## What to work on:
Exactly the lines from the one containing "407 Floating Bog" through the one containing "Челябинской области 4" in the listing below are to be copied, with the pictures left out.

## Data to use:

Content starts

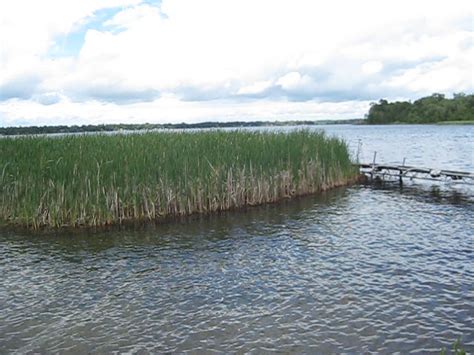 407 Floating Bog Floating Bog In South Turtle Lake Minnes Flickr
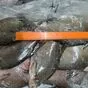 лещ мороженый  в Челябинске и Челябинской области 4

Content ends
Content starts

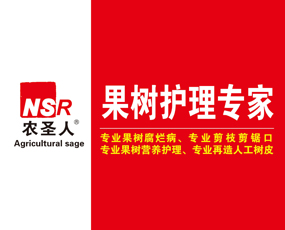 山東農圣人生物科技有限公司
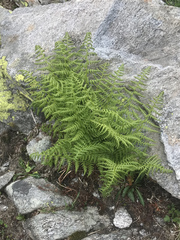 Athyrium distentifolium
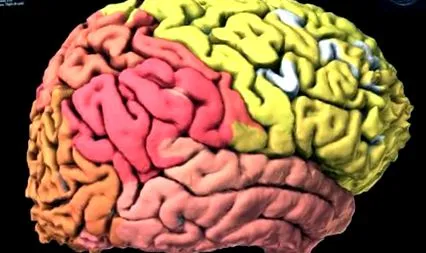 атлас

Content ends

## Answer section:
 407 Floating Bog Floating Bog In South Turtle Lake Minnes Flickr
 лещ мороженый  в Челябинске и Челябинской области 4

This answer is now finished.